7 May 2026 18:00 – 19:15 BST
From our anniversary series – Central Asia 35
*This event will not be recorded.
This year marks thirty-five years of independence for the Central Asian republics and 125 years since the foundation of the Central Asian Society, now the RSAA. To celebrate these two anniversaries, we are hosting a series of events covering Kazakhstan, Kyrgyzstan, Tajikistan, Turkmenistan and Uzbekistan looking at their history, current events and what the future might look like for them and for the region as a whole.
This panel discussion will focus on Turkmenistan and the country’s development over the past three and a half decades. Our panel will consider the evolution of Turkmenistan’s political system, its economic model and energy sector, and the ways in which governance and state institutions have developed since independence. The event will also explore the revival and reshaping of Turkmen national identity, language and cultural expression following the end of Soviet rule. Drawing on the expertise of our speakers, the discussion will examine how Turkmenistan has approached state-building and social change while forging a distinctive national path.

Dr Victoria Clement is the Deputy Chair for South and Central Asia Area Studies at the National Foreign Affairs Training Center in Virginia, USA. Victoria is a scholar and author who has travelled widely in the former Soviet space and has taught in Turkmenistan and Russia. In 2002-2003 she worked at Turkmenistan’s Golýazmalar Institut and, in 2012, was the US Embassy Policy Specialist in Ashgabat, Turkmenistan. She is a leading authority on Turkmenistan’s history, culture, and politics. Her book, Learning to Become Turkmen: Literacy, Language, and Power, 1914-2014, was published in 2018. She also runs the consulting firm Central Asian Insights in northern Virginia.

Slavomír Horák is an Associate Professor of Political and Cultural Geography at the Department of Russian and East European Studies Charles University in Prague. His research covers political, social, and economic issues in Central Asia in different scientific fields (history, political sciences and ethnography). He systematically examines Turkmenistan’s domestic issues, especially informal politics and state- and nation-building. He is the author of several books on Central Asian and Afghan politics as well as numerous articles. He provided expert consultations for the Czech Republic Ministry of Foreign Affairs, Bertelsmann Transformation Index and other companies.
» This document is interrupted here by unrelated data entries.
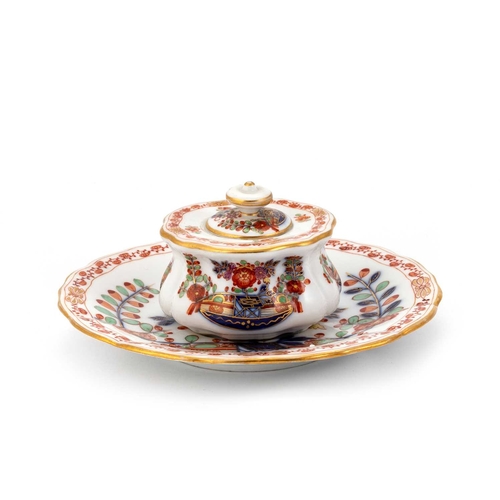 99 - A 19TH CENTURY MEISSEN INKWELL ON STAND both painted in the Imari palette, with the underglaze blue ... 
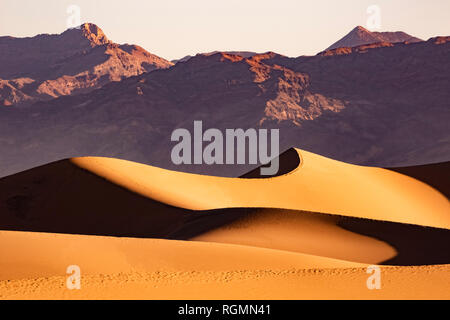 Stati Uniti d'America, Californien, Valle della Morte, il Parco Nazionale della Valle della Morte, Mesquite Flat dune di sabbia Foto Stock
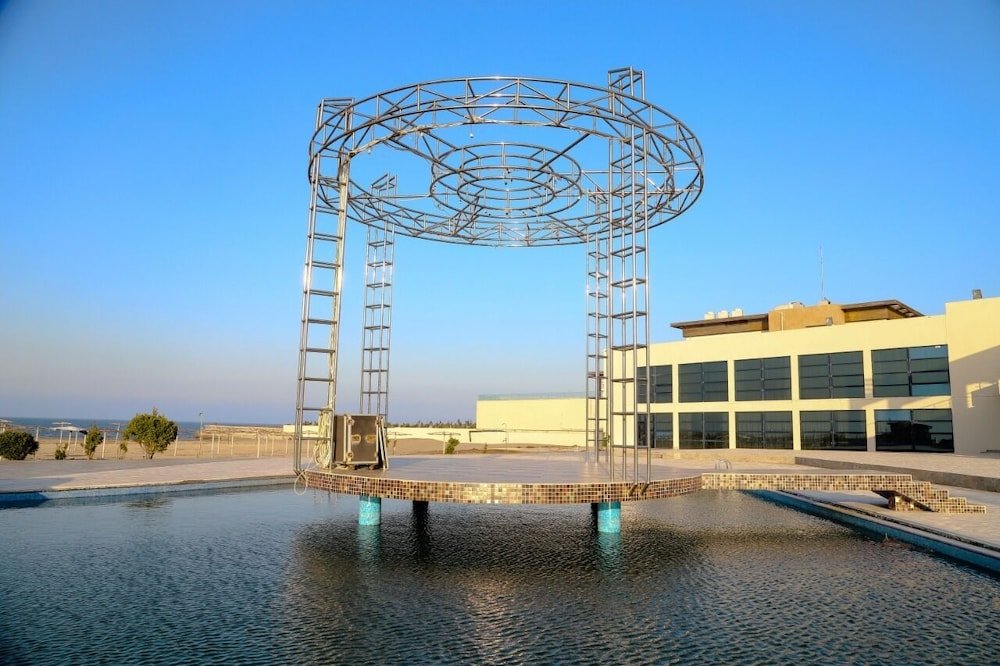 Баку: Kaspi Beach Resort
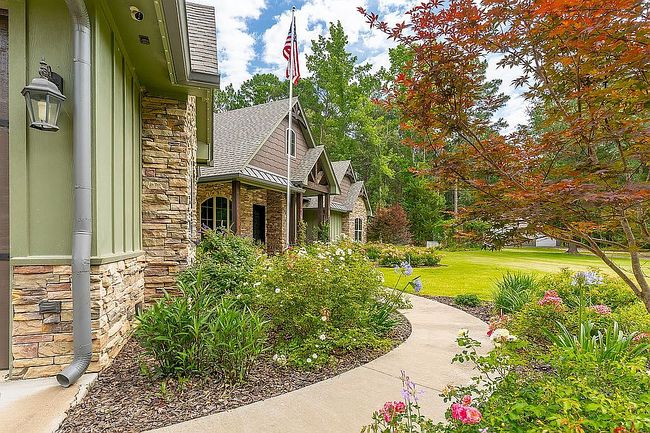 Photo of 235 Pinball Rd, Big Sandy, TX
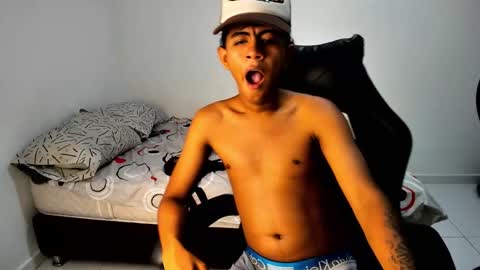 Snapshot of alluringangel0 chatting on 16, 9, 2025 alluringangel0 online show from 16, 9, 2025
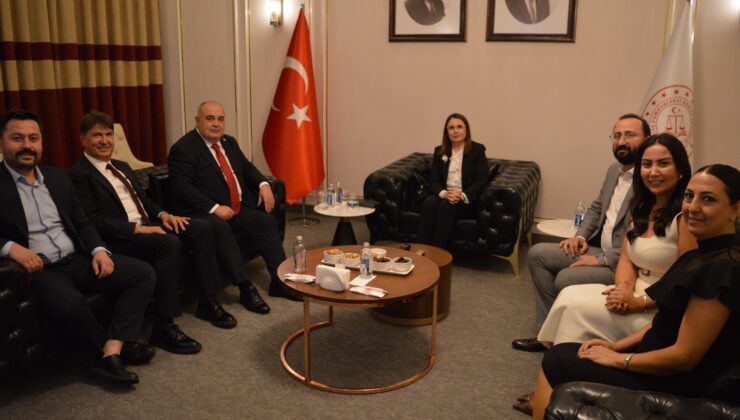 Bartın Dernekler Federasyonu’ndan Anlamlı Gece: Gençlere Umut Oldular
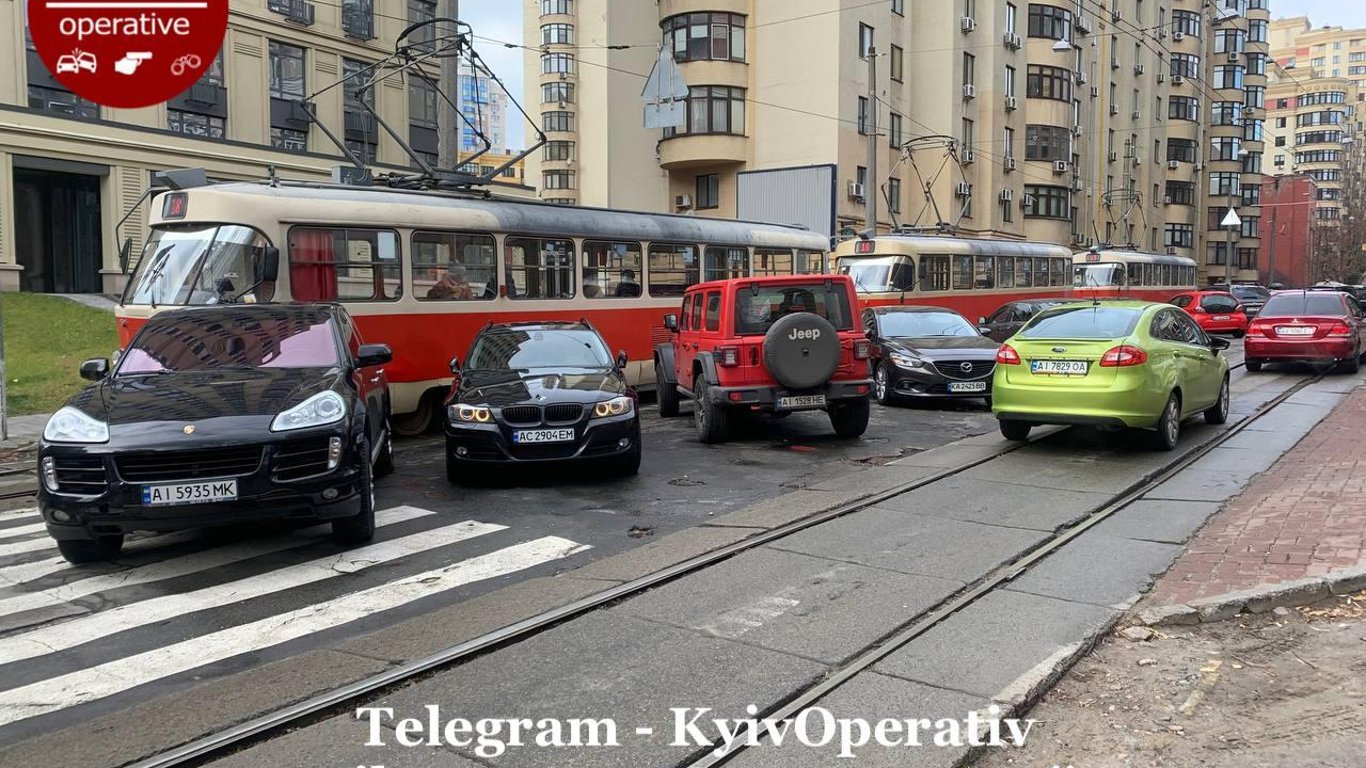 Парковка в Киеве - джип заблокировал движение трамваев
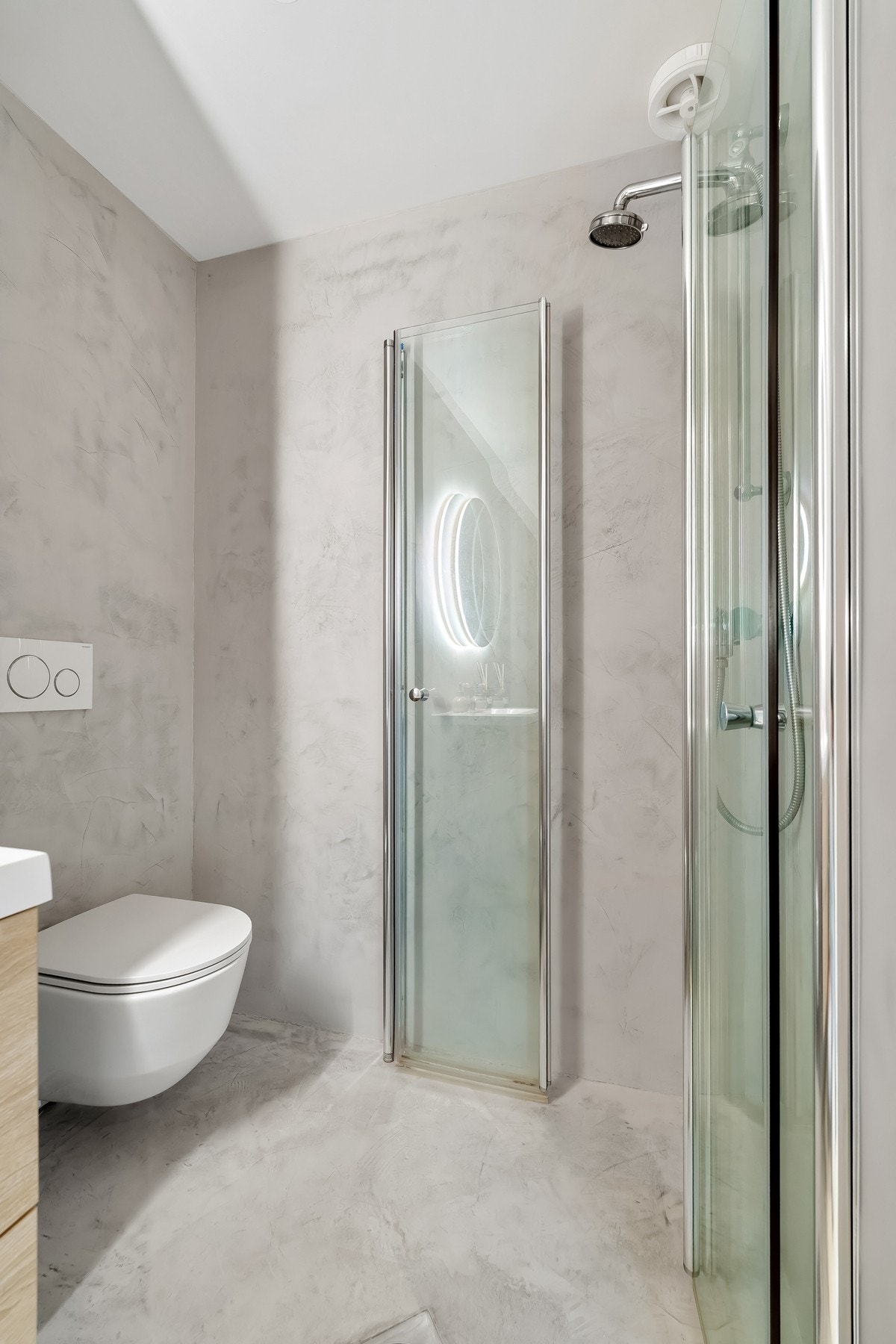 Vegghengt WC og innfellbare dusjdører i glass. Galleribilde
Anton Ikhsanov earned his bachelor’s and master’s degrees in the history of Central Asia from St Petersburg State University. He then pursued a PhD in Russian History at the Higher School of Economics in Moscow, where he also taught courses in the MA program “Muslim Worlds in Russia: History and Culture,” covering Uzbek, Central Asian history and the history of Oriental studies. Since 2024, he has continued his doctoral research at Ludwig Maximilian University of Munich, examining Russian and Soviet Orientalist knowledge of Turkmen communities and its influence on nation-building processes.
Moderator

Sébastien Peyrouse is a Research Professor of International Affairs at the Elliott School of International Affairs, George Washington University. A specialist in Central Asia, his work focuses on political systems, Islam and religious minorities, and the region’s geopolitical relations with China, India, and South Asia. He has held fellowships at the French Institute for Central Asia Studies in Tashkent, the Slavic Research Center at Hokkaido University, and the Woodrow Wilson International Center for Scholars, and was a Senior Research Fellow with the Central Asia-Caucasus Institute & Silk Road Studies Program and the Institute for Security and Development Policy.